Okullarda kararların alınmasına ilköğretim birinci kademe öğretmenlerinin %34.3’ü “orta”, %29.9’u da “çok” derecesinde, ikinci kademe öğretmenleri ise %42.2 “orta” ve %35.5 ile de “çok” derecesinde katıldıklarını belirtmişlerdir (Bayram, 1998). Karar alma süreci ile ilgili olarak değinilmesi gereken sorunlardan biri de aşırı merkezci yönetimin gereği olarak bırakınız politika kararlarını, uygulama kararlarının bile merkezde alınması, taşra birimleri ve okul yönetimlerinin ise merkezde alınan kararların birer uygulayıcısı durumunda kalmalarıdır. Bu kararlar genellikle, kararlardan etkilenecek olan kişilerin/ uygulayıcıların görüşlerine başvurulmadan alındığından, uygulayıcılar tarafından sahiplenilmemekte, dolayısıyla uygulanabilirlikleri sınırlı kalmaktadır. Genel anlayış ve alışkanlığımızın gereği olarak, kararlar eğitimde de maalesef katılım olmadan, gereğince tartışılıp olgunlaştırılmadan, bir görüş birliğine varılmadan alınmakta, sonunda da alınan bir karar kısa süre içinde değişime uğramaktadır.

Planlama Süreci

Amaçları gerçekleştirmek üzere plan yapılması, planların uygulanması, her görev ya da uygulamanın bir plana bağlanması, sorun çözmede geçmiş örneklere dayanmak yerine çağdaş çözümler aranması, okulun amaçları ile mevcut kaynaklar arasında denge kurulması vb. konular bu süreç kapsamında değerlendirilebilir.

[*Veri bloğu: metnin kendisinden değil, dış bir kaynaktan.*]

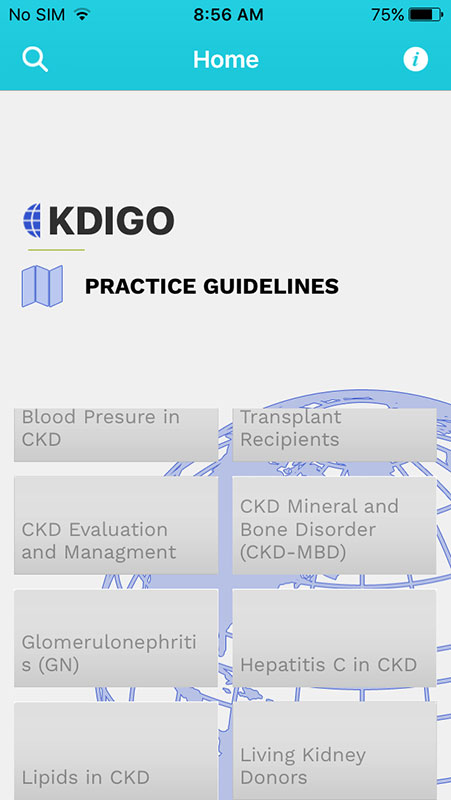 KDIGO Mobile App, evidence-based clinical guidelines for kidney disease ...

Eğitim yöneticilerimizin planlama alışkanlığının olduğunu söylemek zor görünmektedir. Eğitim yöneticilerimiz de ulusal bir alışkanlık olarak kısa erimli yaşamakta, işleri öncelik sırasına koyma, kaynakları ekili ve verimli kullanmak için akıllıca birleştirme, hedefleri gerçekleştirmek üzere birden çok yol/alternatif geliştirme gibi uygulamalara gitmemektedir. Ayrıca karar sürecinde olduğu gibi

önemli işler merkezde planlandığından eğitim yöneticilerimizden sadece bu planları uygulaması beklenmektedir.

Bir araştırmada, okul yöneticileri %55.4, birinci kademe öğretmenleri %38.2 ve ikinci kademe öğretmenleri ise %59.4 oranında, ilköğretim okulu maddi olanaklarının planlı bir biçimde kullanılma derecesine orta düzeyde katılmışlardır. (Bayram, 1998).

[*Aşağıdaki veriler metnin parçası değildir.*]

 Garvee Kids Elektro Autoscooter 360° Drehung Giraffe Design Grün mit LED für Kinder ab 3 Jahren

Bayram (1998) araştırmasında, yöneticilerin %49.2’sinin “orta”, birinci kademe öğretmenlerinin %37.3’sinin “orta”, ikinci kademe öğretmenlerinin ise %36.1’inin “az” derecesinde ilköğretim okulunun geleceğine ilişkin kısa ve uzun dönemli planların yapılabileceği görüşünde olduklarını tespit etmiştir.

Örgütleme Süreci

Bu süreç kapsamına; amaçların gerçekleştirilmesinde örgüt yapısının rasyonelliği, ilköğretim okulu personelinin rolleri ve statülerin belirginliği, yetki ve sorumluluk denkliği, okulun yapı ve davranışlarında bütünlük ve tutarlılık sağlanması, yeni görevler ortaya çıktığında bu görevleri gerçekleştirmek üzere geçici görev örgütleri kurulabilmesi gibi konular girmektedir.

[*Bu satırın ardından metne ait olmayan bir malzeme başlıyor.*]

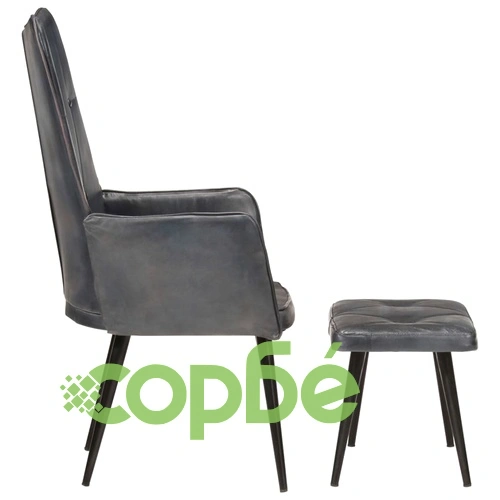 Wingback стол с табуретка, сив, естествена кожа ➤ топ цена ➤ sorbe.bg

Bayram (1998) araştırmasında, ilköğretim okulunun amaçlarının gerçekleştirilmesinde örgüt yapısının orta derecede rasyonel olduğu ( okul yöneticilerinin %64.6’ü, birinci kademe öğretmenlerinin %51.5’i ve ikinci kademe öğretmenlerinin ise %50.6’sına göre) sonucuna ulaşmıştır. Araştırmada ayrıca, ilköğretim okulu yönetici ve öğretmenlerinin görevlerinin orta düzeyde belirgin olduğu (grubun %34.7’sine göre) saptanmıştır.

Balcı ve Yılmaz (2005) tarafından yapılan araştırmada, araştırmaya katılan okul yöneticilerinin %57.9’u yetkilerin az/yetersiz olduğunu, %20.6’sı yetkilerinin orta derecede olduğunu, %21.5’i ise yetkilerinin olmadığını belirtmiştir.

Sözü edilen araştırmada, yöneticilere genel olarak il/ilçe milli eğitim müdürlüğü (MEM) ve Milli Eğitim Bakanlığı (MEB) tarafından verilen yetkilerin, sorumluluklarla dengeli olmadığı saptanmıştır. Araştırmaya katılan okul yöneticilerinin %90.5’i bu kanaattedir.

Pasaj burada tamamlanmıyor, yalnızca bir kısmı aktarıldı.